Os irmãos da garota, Charlie (Rob Collins) e Emma (Natasha Wanganeen), são naturalmente desconfiados e reticentes diante da investida inesperada do policial branco. Charlie, anos atrás, foi inclusive preso e acusado pelo desaparecimento da irmã. A investigação de Travis, no entanto, revela muito mais um país que trata muito mal suas populações originais, não-brancas, e da conivência da polícia com os crimes cometidos pelos brancos. O filme tem atmosfera, é enxuto, mas foi apenas satisfatório dentro de um contexto onde outros títulos se destacaram com maiores méritos artísticos.

Também no gênero policial, o último concorrente exibido, já na manhã de sexta (24), foi outro alemão, Bis ans Ende der Nacht (Till the end of the night), do diretor Christoph Hochhäusler. A partir do roteiro de Florian Plumeyer, desenvolve-se uma história tensa envolvendo uma ex-presidiária, Leni (Thea Ehre), que foi solta sob um acordo, para ajudar um policial, Robert (Timocin Ziegler), a infiltrar-se no círculo íntimo de um chefe do tráfico, Victor Arth (Michael Sideris). Mas existe toda uma história pregressa entre Robert e Leni, que foram amantes no passado, antes que Leni resolvesse assumir uma identidade feminina, o que Robert não aceita bem. Esta tensão entre a dupla compromete toda a missão, tornando-a altamente perigosa diante da imprevisibilidade do comportamento de ambos. É um filme bastante dark, inclusive na fotografia de Reinhold Vorschneider, cujos créditos iniciais e finais e a sua música são certamente pontos altos de uma produção que parece querer homenagear Rainer W. Fassbinder com seus personagens perdidos e fatalistas.

Documentário francês
Único representante documental da competição, o francês Sur l’Adamant, do veterano Nicolas Philibert (de Ser e Ter), foi outra representação do novo prestígio que o gênero está encontrando dentro dos festivais, finalmente. Uma prova recente é a vitória do Leão de Ouro em Veneza 2022 do documentário norte-americano All the Beauty and the Bloodshed, de Laura Poitras, que está disputando o Oscar da categoria.

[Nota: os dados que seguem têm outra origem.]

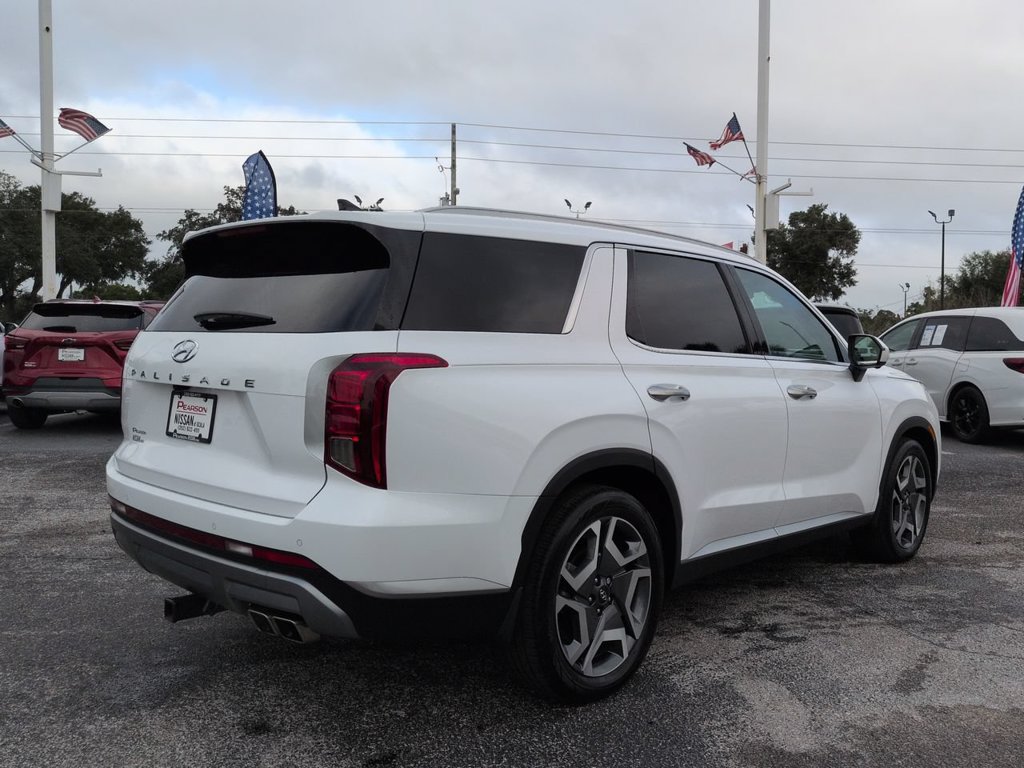 Used 2025 Hyundai Palisade SEL FWD image 4
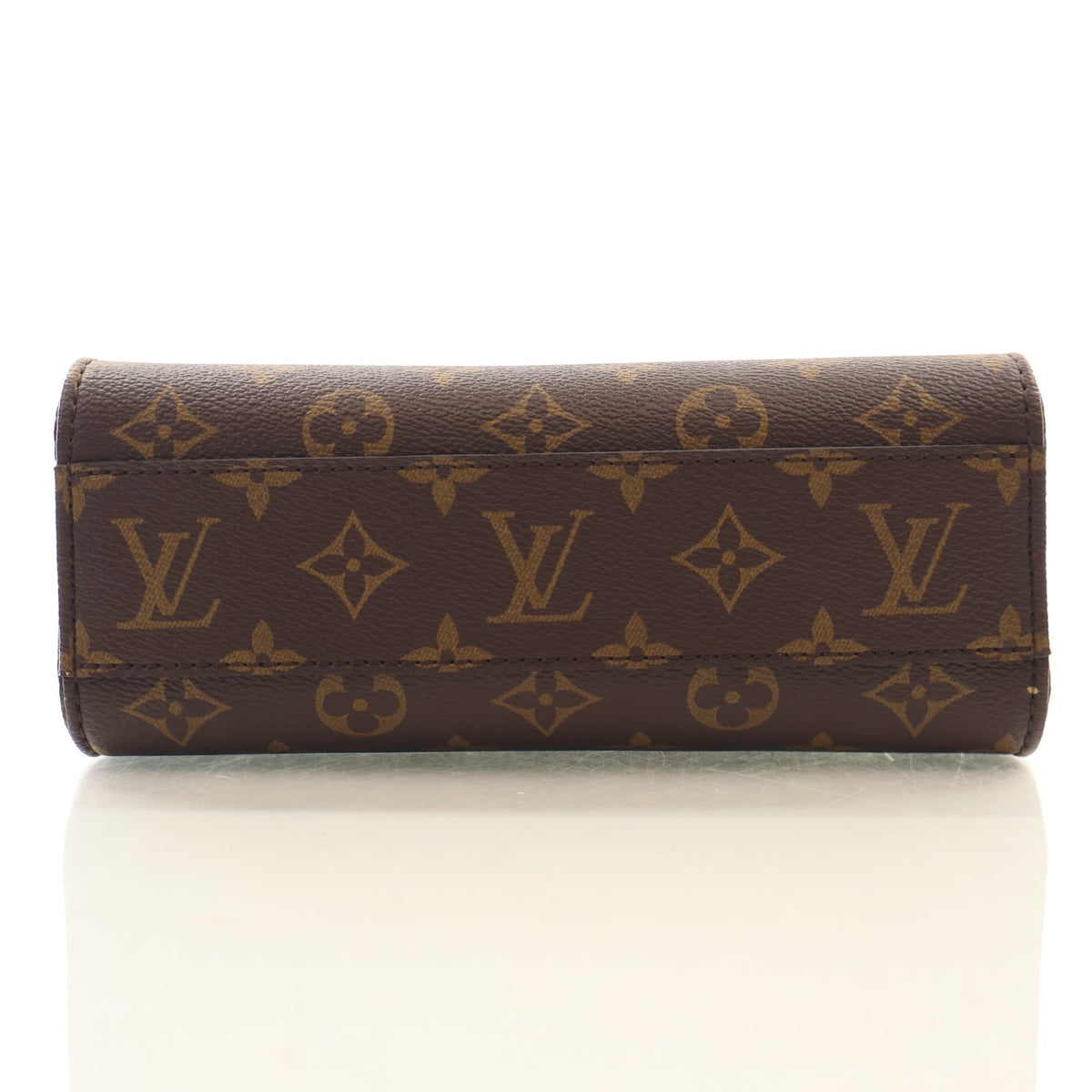 Louis Vuitton Monogram Petit Sac Plat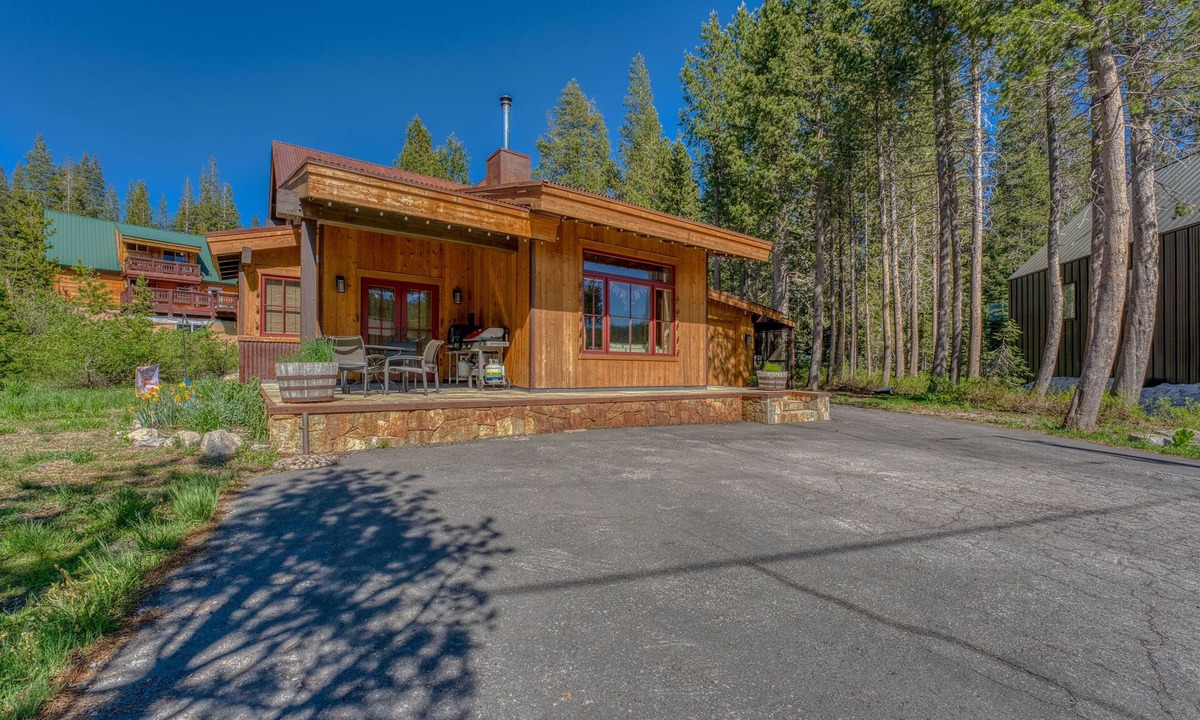 Serene Lakes House | A Serene Mountain Getaway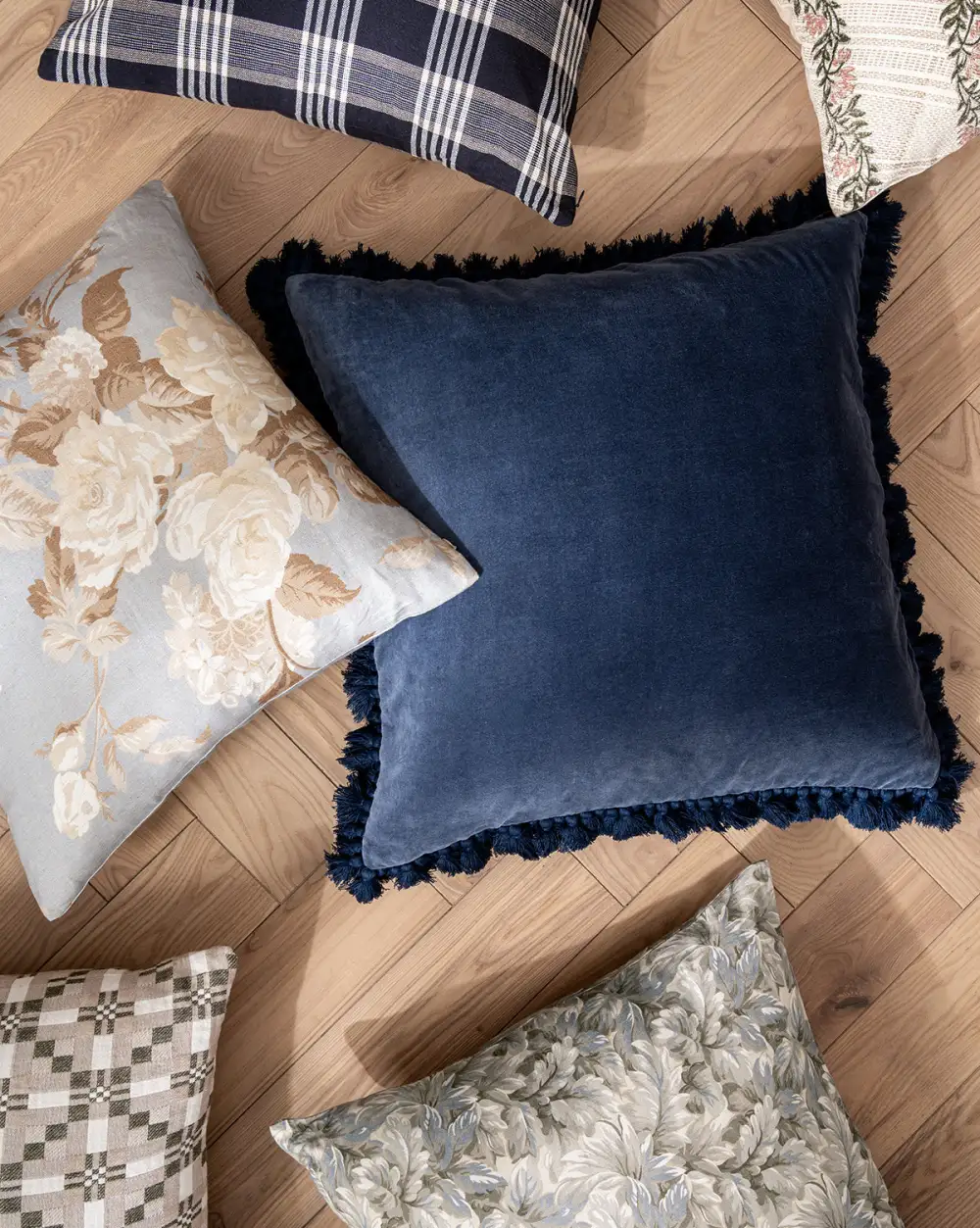 Solid-Textured Cotton Pillow Cover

O Adamant do filme é uma unidade não-convencional de atendimento psiquiátrico que funciona numa instalação à beira do rio Sena, em Paris. O filme extrai sua verdade do próprio cotidiano do local, acompanhando diversos pacientes em suas atividades, que incluem música, desenho, expressão corporal e reuniões sobre a própria organização do lugar, como oficinas culinárias e a administração de sua lanchonete.

Além desta observação, através dos depoimentos é possível delinear vários aspectos da complexidade humana e do quanto é relativo o conceito de “normalidade”. Por isso, o filme comove, ainda mais pelo alerta de que esta iniciativa da chamada “psiquiatria humana” corre o risco de ser interrompida. Como lembrou o cineasta na coletiva de imprensa nesta sexta (24), “muito se discute sobre a utilidade de destinar verbas para os esquizofrênicos, tendo em vista que não há garantias de sua cura”. Por isso, destacou a importância deste que é “um pequeno lugar de resistência”.